Data for this exercise:
--- START ---

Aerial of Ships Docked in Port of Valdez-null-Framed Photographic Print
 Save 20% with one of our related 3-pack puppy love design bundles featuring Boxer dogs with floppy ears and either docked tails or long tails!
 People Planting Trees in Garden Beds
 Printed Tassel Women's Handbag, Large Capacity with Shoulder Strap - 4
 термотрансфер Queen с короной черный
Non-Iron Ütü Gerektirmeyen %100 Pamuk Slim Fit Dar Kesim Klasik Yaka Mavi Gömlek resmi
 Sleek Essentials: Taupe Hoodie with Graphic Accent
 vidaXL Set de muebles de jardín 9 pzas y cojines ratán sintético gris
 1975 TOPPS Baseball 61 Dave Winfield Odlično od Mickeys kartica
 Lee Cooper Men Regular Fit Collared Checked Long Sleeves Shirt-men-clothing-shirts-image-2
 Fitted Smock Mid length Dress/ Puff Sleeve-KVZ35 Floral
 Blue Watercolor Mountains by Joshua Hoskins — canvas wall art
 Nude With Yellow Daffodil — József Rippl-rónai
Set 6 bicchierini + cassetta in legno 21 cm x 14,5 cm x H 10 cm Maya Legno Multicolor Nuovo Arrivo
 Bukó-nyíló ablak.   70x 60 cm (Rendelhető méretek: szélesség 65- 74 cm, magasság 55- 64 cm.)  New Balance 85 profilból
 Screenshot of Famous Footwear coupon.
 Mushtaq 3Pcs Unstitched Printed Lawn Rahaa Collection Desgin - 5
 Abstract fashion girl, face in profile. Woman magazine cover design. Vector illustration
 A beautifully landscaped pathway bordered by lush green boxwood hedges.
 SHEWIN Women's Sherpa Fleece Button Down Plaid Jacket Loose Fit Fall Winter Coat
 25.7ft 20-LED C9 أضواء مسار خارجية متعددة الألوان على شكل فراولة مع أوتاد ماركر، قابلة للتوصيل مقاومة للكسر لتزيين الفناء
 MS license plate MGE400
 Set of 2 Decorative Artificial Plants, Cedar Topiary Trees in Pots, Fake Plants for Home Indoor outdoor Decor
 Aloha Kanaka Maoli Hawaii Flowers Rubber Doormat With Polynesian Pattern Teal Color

--- END ---

Exercise directions: For the word "Printed", find all matching lines in the entries above and copy them out.

Result for this task:
 Printed Tassel Women's Handbag, Large Capacity with Shoulder Strap - 4
 Mushtaq 3Pcs Unstitched Printed Lawn Rahaa Collection Desgin - 5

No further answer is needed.